Saved data entries
_ _ _ _ _ _ _

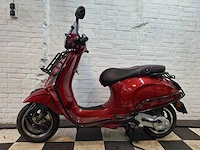 Piaggio vespa primavera 45 km bromscooter 4takt - afbeelding 1 van  7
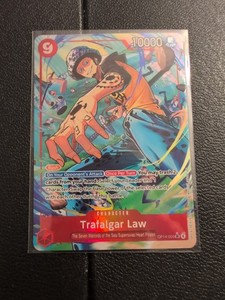 Trafalgar Law Alt Art | eBay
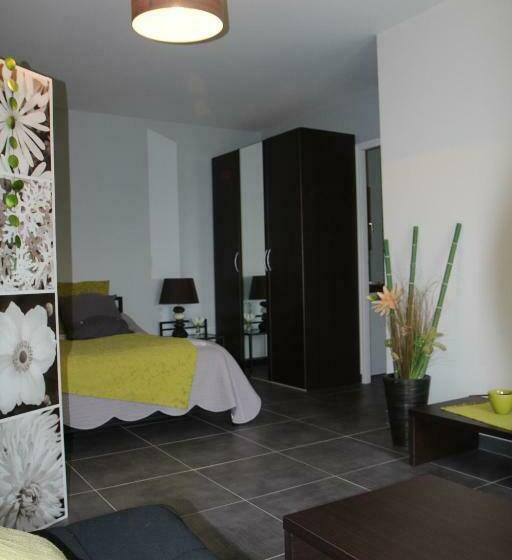 غرفة قياسية لذوى الاحتياجات الخاصة, La Maison Des Landes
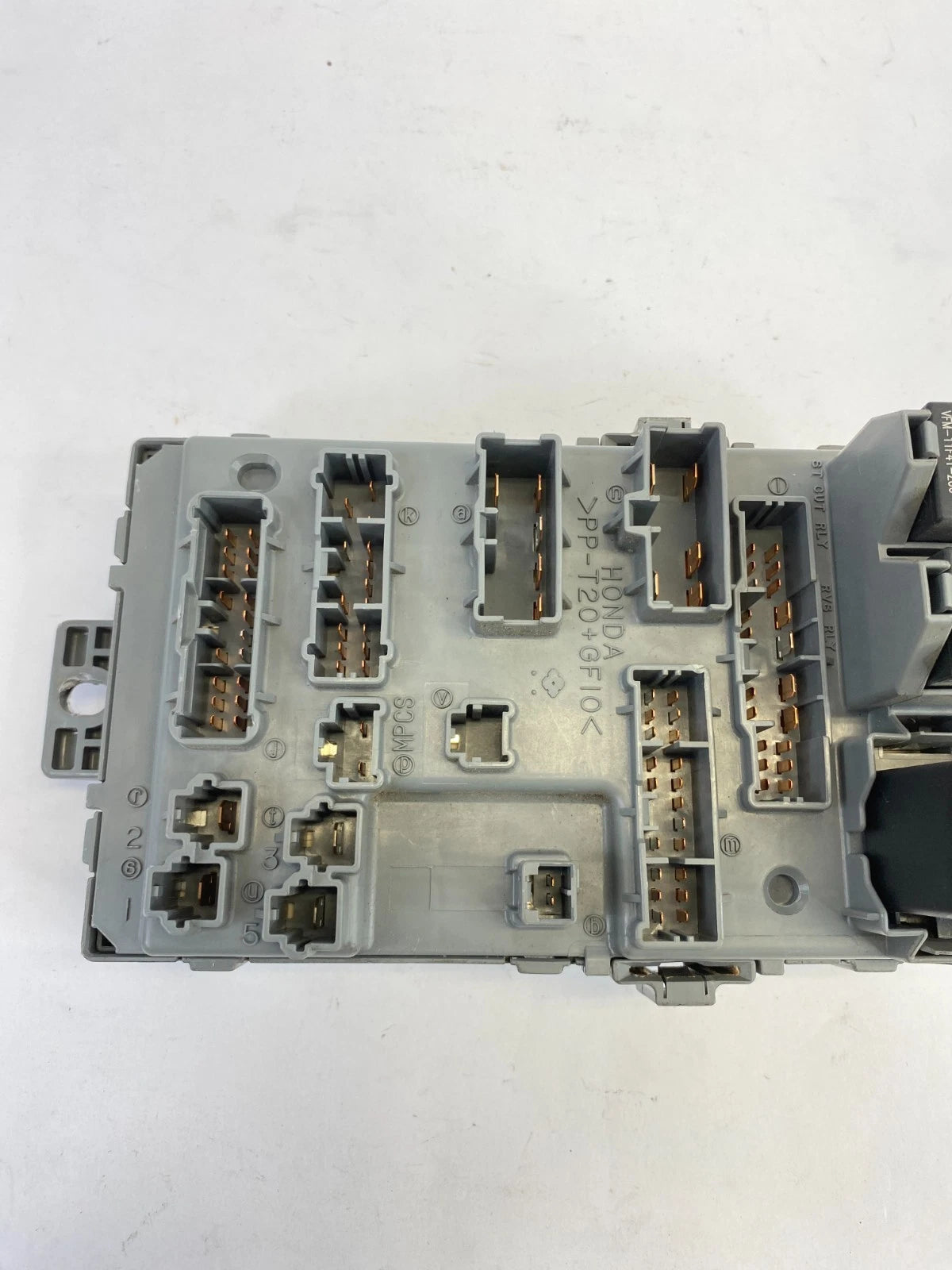 03-05 HONDA PILOT 3.5L DASH MULTIPLEX CONTROL MODULE FUSE BOX 38800-S9V-A110M1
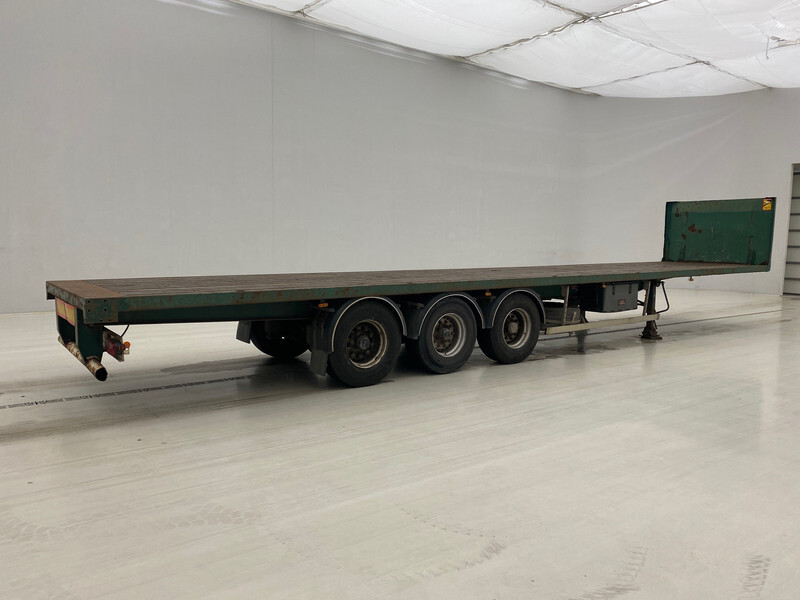 Trailor Plateau - Dropside/ Flatbed semi-trailer: picture 5 Trailor Plateau - Dropside/ Flatbed semi-trailer: picture 5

_ _ _ _ _ _ _

Required action
Please transcribe each line above exactly, but leave the images out.

Task answer
 Piaggio vespa primavera 45 km bromscooter 4takt - afbeelding 1 van  7
 Trafalgar Law Alt Art | eBay
 غرفة قياسية لذوى الاحتياجات الخاصة, La Maison Des Landes
 03-05 HONDA PILOT 3.5L DASH MULTIPLEX CONTROL MODULE FUSE BOX 38800-S9V-A110M1
 Trailor Plateau - Dropside/ Flatbed semi-trailer: picture 5 Trailor Plateau - Dropside/ Flatbed semi-trailer: picture 5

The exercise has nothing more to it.